Richard Le Dreff

Richard Le Dreff
Pisciculteur
Blavet

Bonjour, merci à Guillaume d’avoir témoigné la semaine dernière. Bienvenue à la pisciculture de Kerauter à Sainte Tréphine (22). Je m’appelle Richard Le Dreff, j’ai 53 ans et je suis le gérant de cette pisciculture familiale, fondée en 1974 par mon père et mon grand-père. La pisciculture est située sur le Blavet, qui prend sa source vers Bourbriac (à côté de Guingamp) et va se jeter à Hennebont (près de Lorient).

J’ai passé un BEP aquacole à Guérande qui était la seule école en France à l’époque. J’ai commencé ici en 1985 en tant que salarié. Devenu gérant, j’y travaille avec mon salarié Stéphane et quelques stagiaires et BTS en alternance.

Nous élevons des truites arc en ciel. Nous en produisons environ 250 tonnes par an, qui sont ensuite transformées dans l’usine de notre coopérative « Les Aquaculteurs Bretons » à Plouigneau. Vous retrouverez nos produits en grande surface sous la marque « Bretagne Truite » avec des barquettes, de pavés et en truites fumées.

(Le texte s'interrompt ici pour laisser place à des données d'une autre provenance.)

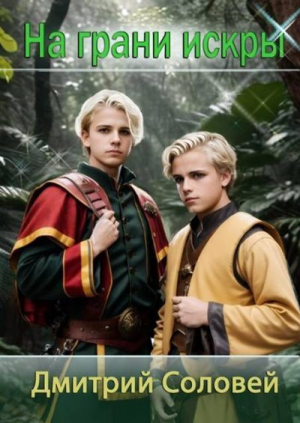обложка книги На грани искры (СИ) - Дмитрий Соловей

Bonne semaine en ma compagnie !

Les truites passent entre 2 ans et demi à 3 ans sur l’élevage. J’achète mes truitelles à deux sites d’alevinage de la coopérative aux alentours de 30g. Quand elles quitteront l’élevage, elles feront environ 3 kilos. Au fur et à mesure de leur croissance (150g, 300g, 1 kilo et 2.5 kilos), elles changeront de bassin pour avoir des lots homogènes et c’est important pour qu’elles soient bien.

Nous leur donnons une alimentation végétale sans OGM et sans farines animales, adaptée à leur stade de croissance. Il y a énormément de recherches pour substituer les huiles de poisson et on arrive désormais à proposer des alternatives exclusivement végétales.

N’empêche, depuis 20 ans, nous avons largement amélioré l’alimentation de nos truites. Les rejets ont été drastiquement réduits. Aujourd’hui, chez moi pour faire des truites de 3 kg il faut 1.3  kilo d’aliment pour faire 1 kilo de truite. Les matières premières ont flambé, on ne peut pas se permettre de gaspiller.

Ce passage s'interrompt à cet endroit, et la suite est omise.